## Exercise requirements
Please keep to the lines below from the one with "Muncie House: 101 N Dill St" through the one with "tankpad-cfmoto-700mt-hex-black-2 Tankpad Set", and restate them word for word, ends included.

= Beginning of Section =

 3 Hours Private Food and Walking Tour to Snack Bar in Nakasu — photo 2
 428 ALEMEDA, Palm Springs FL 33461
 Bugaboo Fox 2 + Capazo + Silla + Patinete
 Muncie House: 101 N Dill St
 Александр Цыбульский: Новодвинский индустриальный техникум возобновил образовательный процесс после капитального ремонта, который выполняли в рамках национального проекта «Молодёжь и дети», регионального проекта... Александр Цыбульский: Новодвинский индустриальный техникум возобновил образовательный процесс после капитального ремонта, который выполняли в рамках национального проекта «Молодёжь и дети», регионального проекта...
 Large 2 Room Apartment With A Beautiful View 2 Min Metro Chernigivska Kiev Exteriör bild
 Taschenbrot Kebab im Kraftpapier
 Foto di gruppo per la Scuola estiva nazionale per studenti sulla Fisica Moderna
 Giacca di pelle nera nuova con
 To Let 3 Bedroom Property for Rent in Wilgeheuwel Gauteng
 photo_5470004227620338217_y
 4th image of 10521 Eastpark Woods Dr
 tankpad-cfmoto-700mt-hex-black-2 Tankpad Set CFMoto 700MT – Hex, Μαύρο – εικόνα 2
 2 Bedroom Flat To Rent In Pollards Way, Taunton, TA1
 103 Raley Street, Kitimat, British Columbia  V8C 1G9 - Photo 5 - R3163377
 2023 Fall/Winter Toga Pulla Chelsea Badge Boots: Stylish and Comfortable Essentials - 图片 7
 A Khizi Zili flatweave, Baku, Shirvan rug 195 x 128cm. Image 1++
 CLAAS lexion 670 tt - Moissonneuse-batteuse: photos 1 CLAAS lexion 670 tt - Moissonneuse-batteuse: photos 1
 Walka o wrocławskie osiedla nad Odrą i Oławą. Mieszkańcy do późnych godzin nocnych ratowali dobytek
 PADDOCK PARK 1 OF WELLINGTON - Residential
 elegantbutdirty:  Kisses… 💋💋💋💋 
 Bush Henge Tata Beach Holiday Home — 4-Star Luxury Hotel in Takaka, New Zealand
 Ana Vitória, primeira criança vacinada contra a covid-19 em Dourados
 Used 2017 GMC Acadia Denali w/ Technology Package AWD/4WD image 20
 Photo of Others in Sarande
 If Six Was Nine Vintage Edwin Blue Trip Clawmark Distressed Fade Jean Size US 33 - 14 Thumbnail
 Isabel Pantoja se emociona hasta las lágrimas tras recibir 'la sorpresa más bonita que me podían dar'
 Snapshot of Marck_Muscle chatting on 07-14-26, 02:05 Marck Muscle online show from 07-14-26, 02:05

= End of Section =

## Solution to this problem
 Muncie House: 101 N Dill St
 Александр Цыбульский: Новодвинский индустриальный техникум возобновил образовательный процесс после капитального ремонта, который выполняли в рамках национального проекта «Молодёжь и дети», регионального проекта... Александр Цыбульский: Новодвинский индустриальный техникум возобновил образовательный процесс после капитального ремонта, который выполняли в рамках национального проекта «Молодёжь и дети», регионального проекта...
 Large 2 Room Apartment With A Beautiful View 2 Min Metro Chernigivska Kiev Exteriör bild
 Taschenbrot Kebab im Kraftpapier
 Foto di gruppo per la Scuola estiva nazionale per studenti sulla Fisica Moderna
 Giacca di pelle nera nuova con
 To Let 3 Bedroom Property for Rent in Wilgeheuwel Gauteng
 photo_5470004227620338217_y
 4th image of 10521 Eastpark Woods Dr
 tankpad-cfmoto-700mt-hex-black-2 Tankpad Set CFMoto 700MT – Hex, Μαύρο – εικόνα 2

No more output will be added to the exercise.